Rich, poor, experienced or green, we can all learn to have a better relationship with our money. No matter where you are starting from, learning these rules, and developing the habit of coming back to them when you get off track, will help you get to a stronger place financially. As advisors, you can help your clients develop stronger financial thinking by learning these three rules, and helping clients to incorporate them over time.
Rule 1. Listen for the Story
Every financial decision starts with a story. A person’s relationship with money is almost never about the numbers. It is about the stories we tell ourselves because of those numbers. This is why one client can feel satisfied with a middle-class lifestyle while others feel constrained on several million dollars a year.
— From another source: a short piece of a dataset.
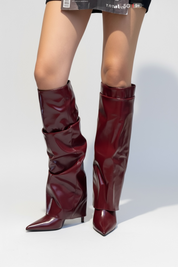 Burgundy boots with a thin heel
Each of us has come to believe certain stories based on our upbringing and our experiences with money: stories about who we are and who we are not, stories about what we can and cannot do in the world. This is where our relationship with money is rooted, and this is where sound money management begins.
It starts with a story.
Some people, having watched their parents lose sleep during the housing crisis, will shrug off any suggestion of real estate in their own portfolios. Others believe deeply that life is too short to worry about tomorrow, and are painfully underprepared for retirement. All of us have felt the pull of marketing campaigns that tap into our personal hopes and goals. We buy clothes, cars and homes that reflect the way we want to feel about ourselves. Taken together, these day-to-day financial choices add up to a lifetime of financial health, or instability.
As advisors, recognizing that every financial decision is based on a story can help you to tap into your client’s underlying financial narrative. For tips and tools on how to help clients to change the stories that may be working against them, there are some wonderful resources in Mind Over Money (Klontz & Klontz, 2009), Strangers in Paradise (Grubman, 2013), and of course my own new book, LOADED (Newcomb, 2016).
Rule 2. Help Them Choose Healthy Strategies
The stories we believe lead us to choose certain strategies for meeting our needs. A person who believes that ‘good’ parents pay for their kids’ college tuition in full may sabotage their own financial security in order to nurture their children. This strategy may meet some basic needs (caring, nurturing, knowing they matter, etc.) but it threatens others (security and basic survival in retirement).
The goal of a sustainable financial plan is that it will meet today’s needs without sabotaging the needs of our future self. In order to do this, you can help clients to recognize the difference between a need and a strategy.
Needs are constant, but strategies are flexible. Even the frivolous items we buy on impulse are attempts to serve a fundamental need such as fun, comfort, ease or relaxation. Simply cutting back on expenses without addressing the underlying needs that those expenses are meeting is a recipe for unhappiness. This is why so many people set out to make financial change only to find themselves ‘cheating’ on their plan.
A sustainable and satisfying financial plan is far more like a map than a diet. It’s a plan for meeting all of your needs with your limited resources.